The tall, rotund Klingon man bristled even further, his face reddening to an unhealthy, nearly purple shade as he seemed to struggle for the proper words to vent the heat that was building up in his body, “You do not listen! You do what you want instead of what is acceptable! You rile up the other engineers that work for this House, constantly trying to make them look simple minded!”
That made the young, headstrong Klingon woman laugh outright, “I do not have to work very hard to make them look simple minded, Father. They are quite adept at doing that all on their own. And I do listen! I simply choose to follow my own mind and heart than act as a slave to outdated thinking!”
“In all of these years, I have not been able to teach you discipline and respect,” K’Rol growled through his own clenched teeth, his voice dropping dangerously, “You want to go to the Academy? Fine! GO! Maybe they will be able to teach you what I have not! GET OUT OF MY HOUSE!!!”
When he closed on her, she did not flinch, nor did she move, the red-braided Klingon braced herself instead. She wouldn’t strike the old man, and she knew it. VaQ’taj had opened her mouth and she was getting exactly what she wanted, even if it did have to come with a few cuts and bruises. She did defend herself as he began taking swings at her, managing to knock some of the more punishing ones out of the way, which only seemed to enrage her father further.

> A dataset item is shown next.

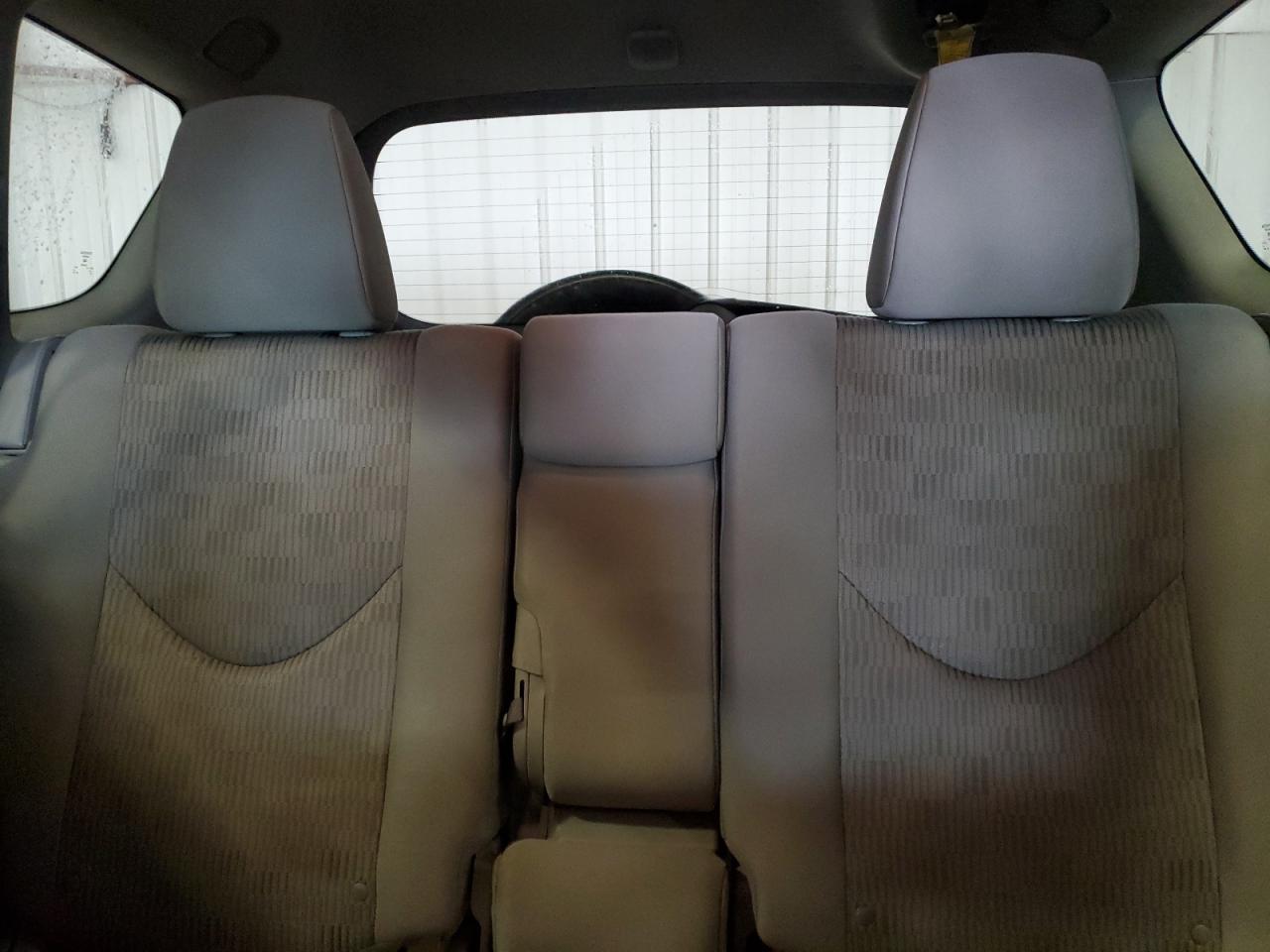 2012 Toyota RAV 4 - Image 10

It had only taken one slip up and it was bound to come as the Elder Warrior and his youngest child faced off. Before she knew it, the beefy hands that had been throwing flurried punches was suddenly wound up in her long, red hair and she was being drug out of the house kicking and screaming while her family gathered and children peered, wide-eyed, around doors. She was deposited with the House guard and they were ordered to ‘escort’ her to the Academy.

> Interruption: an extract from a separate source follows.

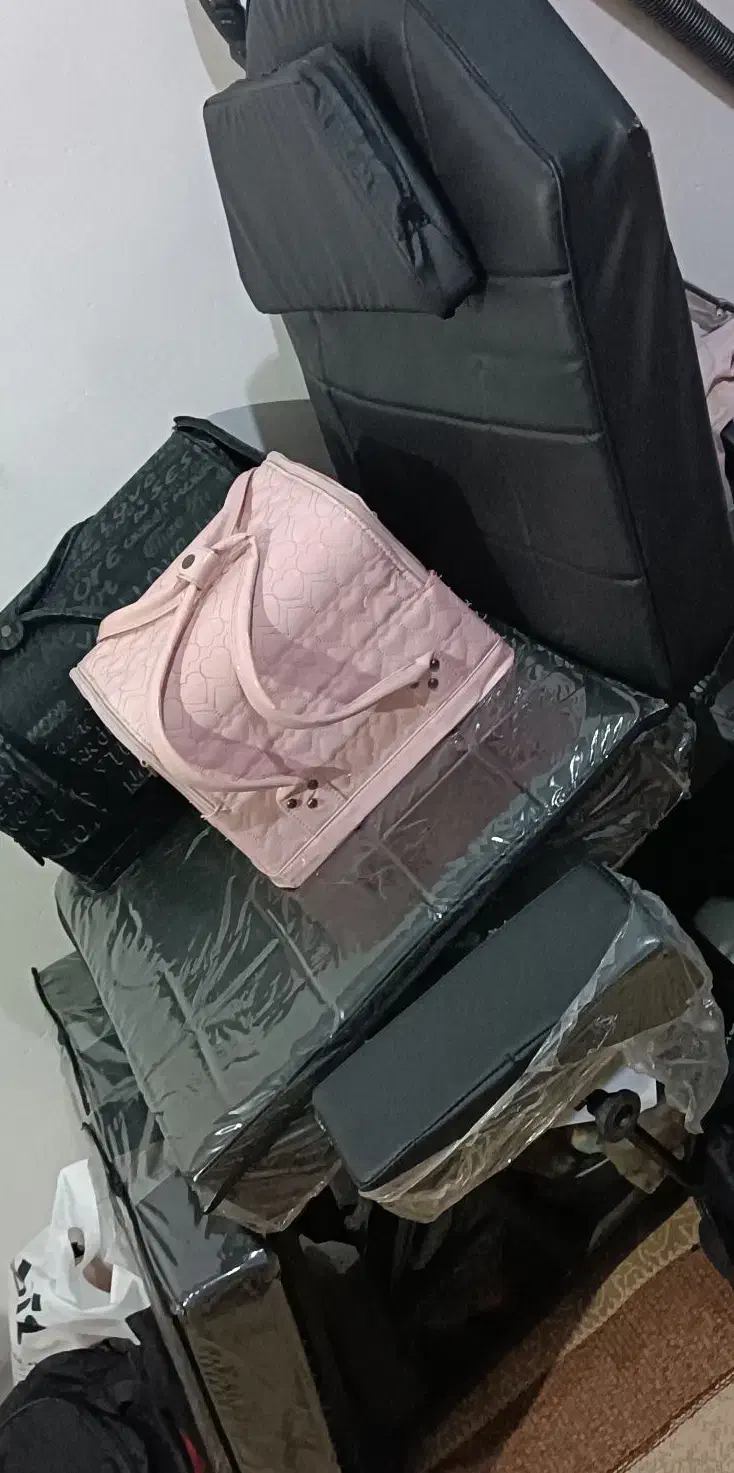 تخت یا سندلی تتو صورت بدن|صندلی و نیمکت|آستانه اشرفیه, |دیوار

As she was led away, blood staining her flight suit and bruises darkening, VaQ’taj glanced back towards her father, who had been joined by her mother D’lyn at the front door. While K’Rol was still in a breath heaving fury, her mother looked stricken. She had not intended to make him so angry and while she was getting what she wanted, it was with a heavy heart that she made her way towards her dreams.
She could only hope that they would be willing and able to forgive her when she survived the training and returned as an engineering officer of the Klingon Defense Force. Little did she know the twists of fate that would prolong that return. Or just how much that she would later regret that her parting words with her father had been so contentious.